Тбилиси, ничего не поделаешь. А что, мы должны прерваться? А нет, ещё есть время. Баку я застал уже в том виде, когда уже не было прежнего Баку — того Баку, о котором говорил Гусман, того Баку, о котором говорил Ибрагимбеков, братья Ибрагимбековы оба. Это был уже другой город. Мой замечательный американский друг, бакинец Алекс Альшванг, Саша… Когда мы с ним встречаемся, мы обязательно вспоминаем Баку, потому что я всё-таки ещё краем глаза успел увидеть Баку интернациональный, настоящий, такую закавказскую Одессу. Но Тбилиси я больше люблю, потому что первый Тбилиси, который я увидел, когда дед меня возил туда к своему однополчанину замечательному, — это до сих пор вспоминается, как чудо.

Очень многие просят лекцию про Томаса Манна. Хорошо, давайте в следующий раз будет «Волшебная гора». Я — с удовольствием.

«В мире Полудня у девушек есть только два состояния: отрешённо смотреть вдаль и презрительно отворачиваться. Как думаете, у них там проблем с демографией нет?»

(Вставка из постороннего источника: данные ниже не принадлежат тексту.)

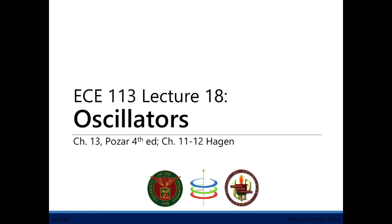Welcome to the 18th lecture of ECE 113. This is the last lecture for ECE 113, and in this lecture we will be talking about oscillators.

Хороший вопрос. Понимаете, у умных девушек, а особенно среди умных закомплексованных мальчиков, у них есть действительно два modus operandi: смотреть вдаль и презрительно отворачиваться. В «Далёкой Радуге» они тоже описаны. Понимаете, в чём штука? (Тоже у меня был про это стишок. Я бы его прочёл, но не буду.) Жизнь так устроена, что она либо смотрит вдаль, либо презрительно отворачивается. Вот жизнь никогда не смотрит на нас в упор. Я больше всего всегда любил тех девушек, которые не смотрят прямо немигающими глазами, а либо смотрят вдаль, либо отворачиваются. Их взгляд нельзя поймать — как нельзя поймать взгляд Бога, как нельзя поймать взгляд жизни. Вот чувствуешь же иногда, что жизнь на тебя смотрит, а по большей части она смотрит куда-то вкось.

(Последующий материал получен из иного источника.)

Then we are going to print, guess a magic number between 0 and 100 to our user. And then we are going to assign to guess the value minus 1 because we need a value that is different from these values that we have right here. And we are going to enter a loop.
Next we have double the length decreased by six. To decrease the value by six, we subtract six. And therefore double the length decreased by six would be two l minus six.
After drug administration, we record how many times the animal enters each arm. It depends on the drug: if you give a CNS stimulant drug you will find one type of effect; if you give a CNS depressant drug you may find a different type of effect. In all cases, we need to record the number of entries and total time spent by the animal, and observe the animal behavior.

Демографических проблем у них в мире Полудня нет. Но, как сказал Нагибин когда-то, этот шаг — первая девушка — для всякого значительного юноши труден, и чем юноша значительнее, тем этот шаг труднее. Знаете, меня всегда очень занимала любовь двух умных подростков, которые всё понимают, но для обоих этот барьер очень труден. Нам, взрослым людям, уже проще договориться — мы всё друг про друга понимаем с первого взгляда, как правило. «Буду краток. Пошли», — знаете, как в классическом анекдоте. А вот что делать подростку? Это самое интересное, самое трогательное, самое трудное.

Вернёмся через три минуты.

НОВОСТИ

Д. Быков― Продолжаем разговор. Я напоминаю, что Дмитрий Быков один тут в студии сидит вместе примерно с полутысячей вопросов.

«Знакомы ли вам книги Сергея Алексеева? Можно ли их считать фэнтези на тему русских народных сказок и мифов?» Знакомы. Нет, нельзя их считать… «Рой» был ничего себе, а в принципе — нет, нельзя.

«Почему Плюшкин и Скрудж так похожи и появляются практически в одно время?» Дело в том, что архетип скупца очень разный, надо вам сказать. У Диккенса совершенно другой Скрудж. Если брать сравнение Пушкина, помните, он говорит: «У Мольера скупой скуп, и только. А Шейлок мстителен, скуп, чадолюбив и остроумен». Конечно, Плюшкин Гоголя гораздо объёмнее, богаче, сложнее, если угодно, религиознее; сам образ больше связан, я думаю, с какими-то библейскими корнями.

Я не очень люблю «рождественскую прозу» Диккенса. Диккенс силён в других вещах. Его «рождественская проза», конечно, особенно «Сверчок», — это такие сладкие слюни! Я совершенно этого не воспринимаю. У меня была лекция когда-то по этому, я это всё очень люблю. Но сколько умиления, сколько фальши! И все эти маленькие домохозяйки, все эти плюющиеся чайники, все эти кукольные страсти. Диккенс создал рождественский жанр, но, как всегда, конечно, как всякий начинающий тренд автор, он переложил туда всех составляющих, и особенно сахара. Это, конечно, невыносимо.